▸ PROBLEM DETAILS:
Retype, without any change, the first line of the records and every line after it through the one containing "Nike Shoes - Women’s Nike shoes".

[Scraped caption text data]
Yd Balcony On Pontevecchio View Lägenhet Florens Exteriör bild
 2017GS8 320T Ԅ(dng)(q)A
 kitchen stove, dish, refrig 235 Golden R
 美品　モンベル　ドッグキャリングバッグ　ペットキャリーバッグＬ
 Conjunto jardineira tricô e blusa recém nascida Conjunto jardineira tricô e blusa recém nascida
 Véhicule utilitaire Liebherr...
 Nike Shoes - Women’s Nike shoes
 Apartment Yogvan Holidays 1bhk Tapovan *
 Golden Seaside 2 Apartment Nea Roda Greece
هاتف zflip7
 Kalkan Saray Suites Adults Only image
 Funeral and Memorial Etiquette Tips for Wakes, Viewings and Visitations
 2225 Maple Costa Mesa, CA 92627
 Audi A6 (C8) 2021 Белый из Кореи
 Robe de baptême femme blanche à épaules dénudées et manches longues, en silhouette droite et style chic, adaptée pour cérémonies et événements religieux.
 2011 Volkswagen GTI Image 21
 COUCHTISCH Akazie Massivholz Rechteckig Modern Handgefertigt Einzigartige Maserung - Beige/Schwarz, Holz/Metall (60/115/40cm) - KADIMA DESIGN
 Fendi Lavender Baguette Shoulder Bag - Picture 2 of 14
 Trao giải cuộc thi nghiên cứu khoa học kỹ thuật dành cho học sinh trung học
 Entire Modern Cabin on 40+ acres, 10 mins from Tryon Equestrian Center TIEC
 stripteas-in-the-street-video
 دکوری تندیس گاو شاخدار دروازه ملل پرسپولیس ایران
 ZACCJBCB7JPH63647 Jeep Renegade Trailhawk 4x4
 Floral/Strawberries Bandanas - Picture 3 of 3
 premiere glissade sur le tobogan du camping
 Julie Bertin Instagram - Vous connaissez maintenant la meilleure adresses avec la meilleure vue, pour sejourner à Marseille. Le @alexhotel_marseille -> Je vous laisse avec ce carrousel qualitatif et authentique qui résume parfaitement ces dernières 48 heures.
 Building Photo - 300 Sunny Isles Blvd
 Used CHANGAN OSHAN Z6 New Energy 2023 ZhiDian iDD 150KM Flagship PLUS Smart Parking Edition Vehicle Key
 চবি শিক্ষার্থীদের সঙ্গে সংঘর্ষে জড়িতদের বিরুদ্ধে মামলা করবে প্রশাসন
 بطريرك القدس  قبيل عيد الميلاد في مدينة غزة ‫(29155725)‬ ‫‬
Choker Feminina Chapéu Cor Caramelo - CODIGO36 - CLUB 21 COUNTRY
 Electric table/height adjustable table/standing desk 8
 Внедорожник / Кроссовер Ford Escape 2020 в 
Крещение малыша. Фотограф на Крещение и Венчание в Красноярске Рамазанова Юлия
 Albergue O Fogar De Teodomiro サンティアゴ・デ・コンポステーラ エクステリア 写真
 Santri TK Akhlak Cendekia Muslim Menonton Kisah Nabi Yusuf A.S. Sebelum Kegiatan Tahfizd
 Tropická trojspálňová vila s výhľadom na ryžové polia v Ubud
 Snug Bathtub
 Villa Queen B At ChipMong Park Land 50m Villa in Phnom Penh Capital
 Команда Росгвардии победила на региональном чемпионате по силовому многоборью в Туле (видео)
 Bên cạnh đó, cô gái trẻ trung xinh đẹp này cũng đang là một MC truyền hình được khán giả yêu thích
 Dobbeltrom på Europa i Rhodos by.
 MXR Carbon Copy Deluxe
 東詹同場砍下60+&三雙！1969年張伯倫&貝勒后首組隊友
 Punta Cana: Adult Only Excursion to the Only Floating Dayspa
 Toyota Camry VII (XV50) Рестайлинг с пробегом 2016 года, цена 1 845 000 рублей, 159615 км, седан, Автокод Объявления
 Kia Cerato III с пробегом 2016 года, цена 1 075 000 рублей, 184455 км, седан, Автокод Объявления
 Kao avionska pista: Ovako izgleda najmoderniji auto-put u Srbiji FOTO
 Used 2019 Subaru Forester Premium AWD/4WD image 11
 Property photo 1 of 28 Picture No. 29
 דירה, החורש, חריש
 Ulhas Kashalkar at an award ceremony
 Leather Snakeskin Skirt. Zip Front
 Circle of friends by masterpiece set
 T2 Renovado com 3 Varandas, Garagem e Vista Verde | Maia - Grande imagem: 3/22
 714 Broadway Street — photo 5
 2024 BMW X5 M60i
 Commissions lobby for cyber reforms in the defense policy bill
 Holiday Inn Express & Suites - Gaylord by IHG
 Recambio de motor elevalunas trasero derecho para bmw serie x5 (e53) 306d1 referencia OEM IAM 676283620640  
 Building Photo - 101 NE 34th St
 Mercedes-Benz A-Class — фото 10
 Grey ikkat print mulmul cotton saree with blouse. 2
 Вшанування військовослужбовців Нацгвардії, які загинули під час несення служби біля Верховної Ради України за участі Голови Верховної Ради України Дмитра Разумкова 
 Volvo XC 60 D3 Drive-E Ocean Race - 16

▸ RESPONSE TO THIS TASK:
Yd Balcony On Pontevecchio View Lägenhet Florens Exteriör bild
 2017GS8 320T Ԅ(dng)(q)A
 kitchen stove, dish, refrig 235 Golden R
 美品　モンベル　ドッグキャリングバッグ　ペットキャリーバッグＬ
 Conjunto jardineira tricô e blusa recém nascida Conjunto jardineira tricô e blusa recém nascida
 Véhicule utilitaire Liebherr...
 Nike Shoes - Women’s Nike shoes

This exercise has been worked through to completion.